Ha ha my OH said the same thing, he was livid too! Some people just like to give their opinions and be seen as the best bunny mums ever but they arent perfect either!! I know im not nasty or horrible to my buns and im not sayng they are! Its weird they wantd me to stick them outside even thought they would get even less atention rather than send them to a nice new loving home where they would gets lots of attention and freedom!

ha ha l i like your post though thanks a lot! xxx

Enjoy your wine!


----------



## kellyrich (Jan 8, 2009)

Pamela said:


> Can you not select to stop the emails telling you another post has been made like you can on here. What forum is it? I think you should do what ever you want with your pets no one should tell you what to do, I wouldn't let them upset you.


Hi i dont think i can say the name on here, im not sure how other people have guessed!

Thanks xx


----------



## scosha37 (Feb 24, 2008)

Sorry that youe feeling like this Kelly...its pants when they gang up on you when you need help and advise and want the animals best interest.. Some forums can be rotten


----------



## red_dwarf15 (Nov 17, 2008)

hehe i just typed in rabbit forum into google and it was the first one  figured thats what you would have originally done. hehehe internet stalking at its best!!
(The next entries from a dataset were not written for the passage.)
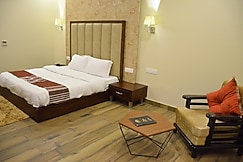 Hotel Kamal Grand, Jalandhar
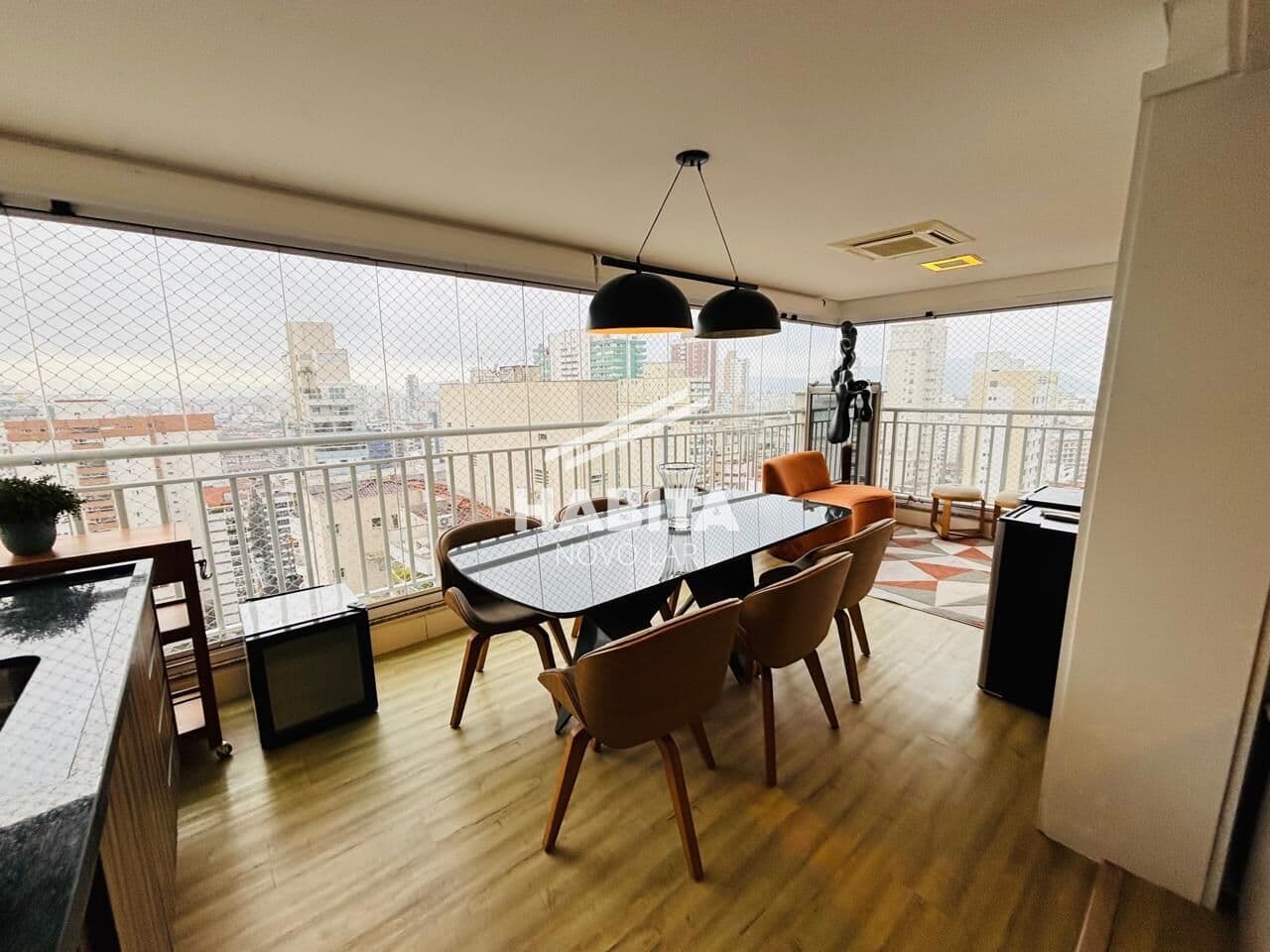 Apartamento à venda 3 dormitórios - PORTEIRA FECHADA em Boqueirão, Santos/SP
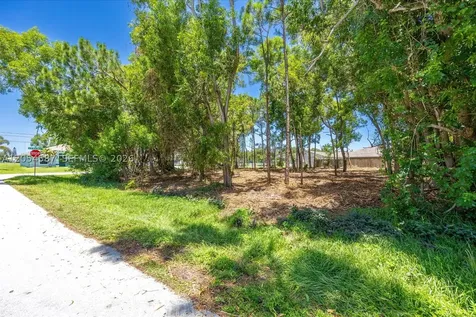 2801 SE Leigh Avenue Port St. Lucie FL 34952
the post that really got to me was the one who said her buns lived in her garden and she worked all day, didnt get back till late and just went outside to feed them!!!!!!!!! would she like being shut inside a box all day with no stimulation and then have a hand shoved in her box to feed her!!!!!! like 2 p[ampered spoilt house buns would wanna be outside in a unpampered loanly hutch. ggggrrrrrrr getting angry thinking about it lol

btw wine was good  even triede saying to the oh, hun look how upset and angry i am, do you know what would make me feel better.........a conti  he wasnt having any of it tho


----------



## kellyrich (Jan 8, 2009)

btw wine was good  even triede saying to the oh, hun look how upset and angry i am, do you know what would make me feel better.........a conti  he wasnt having any of it tho [/QUOTE]

ha ha you still wanting one then! lol! You will have to keep working at it, i did and now my OH is never without him, he loves him to bits cos he is like a dog!! lol!!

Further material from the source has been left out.